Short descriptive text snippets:
*-*-*
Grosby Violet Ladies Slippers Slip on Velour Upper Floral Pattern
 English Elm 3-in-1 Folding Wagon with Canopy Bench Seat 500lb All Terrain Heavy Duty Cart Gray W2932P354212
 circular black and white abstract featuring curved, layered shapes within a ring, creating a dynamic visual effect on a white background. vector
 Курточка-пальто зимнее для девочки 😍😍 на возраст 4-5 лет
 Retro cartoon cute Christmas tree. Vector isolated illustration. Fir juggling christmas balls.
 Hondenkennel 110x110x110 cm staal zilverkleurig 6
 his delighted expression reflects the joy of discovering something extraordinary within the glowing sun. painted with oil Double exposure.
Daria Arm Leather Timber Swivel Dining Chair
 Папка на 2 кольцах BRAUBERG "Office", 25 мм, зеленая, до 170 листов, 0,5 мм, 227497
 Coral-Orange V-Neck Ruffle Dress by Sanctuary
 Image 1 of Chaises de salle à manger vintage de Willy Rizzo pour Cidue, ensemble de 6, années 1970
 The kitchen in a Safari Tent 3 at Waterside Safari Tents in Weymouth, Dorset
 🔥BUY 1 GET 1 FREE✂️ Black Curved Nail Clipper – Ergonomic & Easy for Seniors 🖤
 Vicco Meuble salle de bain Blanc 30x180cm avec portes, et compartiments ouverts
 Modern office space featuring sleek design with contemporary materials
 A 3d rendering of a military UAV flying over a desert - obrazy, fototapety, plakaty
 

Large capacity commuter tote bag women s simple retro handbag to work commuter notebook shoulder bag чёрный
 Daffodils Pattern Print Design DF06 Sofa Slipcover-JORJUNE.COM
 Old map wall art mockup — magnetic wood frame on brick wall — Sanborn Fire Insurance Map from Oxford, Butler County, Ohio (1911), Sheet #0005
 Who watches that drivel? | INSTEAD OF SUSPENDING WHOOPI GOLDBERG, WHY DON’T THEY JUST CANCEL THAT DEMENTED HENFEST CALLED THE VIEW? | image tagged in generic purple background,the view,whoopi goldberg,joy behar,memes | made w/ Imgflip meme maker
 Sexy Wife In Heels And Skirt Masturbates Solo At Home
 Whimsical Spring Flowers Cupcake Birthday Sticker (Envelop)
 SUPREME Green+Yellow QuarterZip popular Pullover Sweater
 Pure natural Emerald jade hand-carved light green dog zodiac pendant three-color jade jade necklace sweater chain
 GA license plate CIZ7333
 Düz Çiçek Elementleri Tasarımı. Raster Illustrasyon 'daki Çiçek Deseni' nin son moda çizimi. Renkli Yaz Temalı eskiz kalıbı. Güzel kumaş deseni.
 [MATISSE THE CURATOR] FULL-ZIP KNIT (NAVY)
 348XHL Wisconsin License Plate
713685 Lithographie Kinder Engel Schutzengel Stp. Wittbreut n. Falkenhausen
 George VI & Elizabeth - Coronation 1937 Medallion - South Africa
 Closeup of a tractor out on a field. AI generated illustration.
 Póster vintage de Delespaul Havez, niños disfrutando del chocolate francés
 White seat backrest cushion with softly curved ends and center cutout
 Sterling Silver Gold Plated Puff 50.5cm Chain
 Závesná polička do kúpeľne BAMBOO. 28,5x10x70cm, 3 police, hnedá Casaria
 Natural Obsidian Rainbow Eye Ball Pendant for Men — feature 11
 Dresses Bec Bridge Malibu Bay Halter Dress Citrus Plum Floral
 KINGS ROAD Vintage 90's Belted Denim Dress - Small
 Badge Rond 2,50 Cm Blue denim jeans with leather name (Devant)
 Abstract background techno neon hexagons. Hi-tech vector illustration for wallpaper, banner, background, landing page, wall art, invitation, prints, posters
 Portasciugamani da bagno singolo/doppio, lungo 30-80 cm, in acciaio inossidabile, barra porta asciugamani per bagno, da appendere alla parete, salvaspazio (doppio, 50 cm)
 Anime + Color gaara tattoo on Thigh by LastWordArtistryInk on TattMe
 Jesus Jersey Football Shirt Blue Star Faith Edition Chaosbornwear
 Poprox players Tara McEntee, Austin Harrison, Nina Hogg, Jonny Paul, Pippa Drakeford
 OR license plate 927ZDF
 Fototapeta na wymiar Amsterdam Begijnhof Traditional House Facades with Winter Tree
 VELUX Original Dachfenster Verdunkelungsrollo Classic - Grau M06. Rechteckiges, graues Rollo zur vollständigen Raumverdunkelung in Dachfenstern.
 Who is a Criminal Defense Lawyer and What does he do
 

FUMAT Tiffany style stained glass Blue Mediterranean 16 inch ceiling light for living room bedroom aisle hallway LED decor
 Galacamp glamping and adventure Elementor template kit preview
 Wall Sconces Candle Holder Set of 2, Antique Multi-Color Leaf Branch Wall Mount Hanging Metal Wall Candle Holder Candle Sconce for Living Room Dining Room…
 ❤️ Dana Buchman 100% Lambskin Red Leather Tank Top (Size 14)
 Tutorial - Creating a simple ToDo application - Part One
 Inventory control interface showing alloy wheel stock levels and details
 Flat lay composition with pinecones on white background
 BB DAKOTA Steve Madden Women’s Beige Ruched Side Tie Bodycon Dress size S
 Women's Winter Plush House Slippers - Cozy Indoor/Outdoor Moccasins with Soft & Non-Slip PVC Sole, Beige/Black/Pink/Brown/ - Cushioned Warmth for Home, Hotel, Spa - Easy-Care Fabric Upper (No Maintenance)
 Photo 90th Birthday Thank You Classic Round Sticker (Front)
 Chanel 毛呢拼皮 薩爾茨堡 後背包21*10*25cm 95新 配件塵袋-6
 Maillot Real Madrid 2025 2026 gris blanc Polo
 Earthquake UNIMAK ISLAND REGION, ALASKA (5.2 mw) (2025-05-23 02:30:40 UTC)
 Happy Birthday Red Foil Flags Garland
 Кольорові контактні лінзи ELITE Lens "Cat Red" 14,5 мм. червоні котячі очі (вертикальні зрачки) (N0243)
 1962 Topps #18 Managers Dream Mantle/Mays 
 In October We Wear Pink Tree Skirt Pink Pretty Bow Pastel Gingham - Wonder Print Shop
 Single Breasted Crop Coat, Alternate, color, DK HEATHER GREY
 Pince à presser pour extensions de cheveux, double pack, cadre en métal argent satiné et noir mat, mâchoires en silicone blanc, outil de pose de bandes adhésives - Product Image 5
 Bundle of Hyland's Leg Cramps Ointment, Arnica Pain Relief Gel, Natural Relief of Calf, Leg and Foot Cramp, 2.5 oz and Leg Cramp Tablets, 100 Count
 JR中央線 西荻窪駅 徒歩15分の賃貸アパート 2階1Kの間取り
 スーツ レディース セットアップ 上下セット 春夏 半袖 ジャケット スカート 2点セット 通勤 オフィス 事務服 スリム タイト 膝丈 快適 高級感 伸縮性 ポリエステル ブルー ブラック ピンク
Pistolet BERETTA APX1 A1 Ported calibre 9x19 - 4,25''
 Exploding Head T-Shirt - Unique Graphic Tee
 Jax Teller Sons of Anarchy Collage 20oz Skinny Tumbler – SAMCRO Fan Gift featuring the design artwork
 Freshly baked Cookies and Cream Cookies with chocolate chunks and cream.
*-*-*
• Brief
Please reply with an exact copy of the lines above, starting at the first and ending at the line that holds "Old map wall".

• Reply to the exercise
Grosby Violet Ladies Slippers Slip on Velour Upper Floral Pattern
 English Elm 3-in-1 Folding Wagon with Canopy Bench Seat 500lb All Terrain Heavy Duty Cart Gray W2932P354212
 circular black and white abstract featuring curved, layered shapes within a ring, creating a dynamic visual effect on a white background. vector
 Курточка-пальто зимнее для девочки 😍😍 на возраст 4-5 лет
 Retro cartoon cute Christmas tree. Vector isolated illustration. Fir juggling christmas balls.
 Hondenkennel 110x110x110 cm staal zilverkleurig 6
 his delighted expression reflects the joy of discovering something extraordinary within the glowing sun. painted with oil Double exposure.
Daria Arm Leather Timber Swivel Dining Chair
 Папка на 2 кольцах BRAUBERG "Office", 25 мм, зеленая, до 170 листов, 0,5 мм, 227497
 Coral-Orange V-Neck Ruffle Dress by Sanctuary
 Image 1 of Chaises de salle à manger vintage de Willy Rizzo pour Cidue, ensemble de 6, années 1970
 The kitchen in a Safari Tent 3 at Waterside Safari Tents in Weymouth, Dorset
 🔥BUY 1 GET 1 FREE✂️ Black Curved Nail Clipper – Ergonomic & Easy for Seniors 🖤
 Vicco Meuble salle de bain Blanc 30x180cm avec portes, et compartiments ouverts
 Modern office space featuring sleek design with contemporary materials
 A 3d rendering of a military UAV flying over a desert - obrazy, fototapety, plakaty
 

Large capacity commuter tote bag women s simple retro handbag to work commuter notebook shoulder bag чёрный
 Daffodils Pattern Print Design DF06 Sofa Slipcover-JORJUNE.COM
 Old map wall art mockup — magnetic wood frame on brick wall — Sanborn Fire Insurance Map from Oxford, Butler County, Ohio (1911), Sheet #0005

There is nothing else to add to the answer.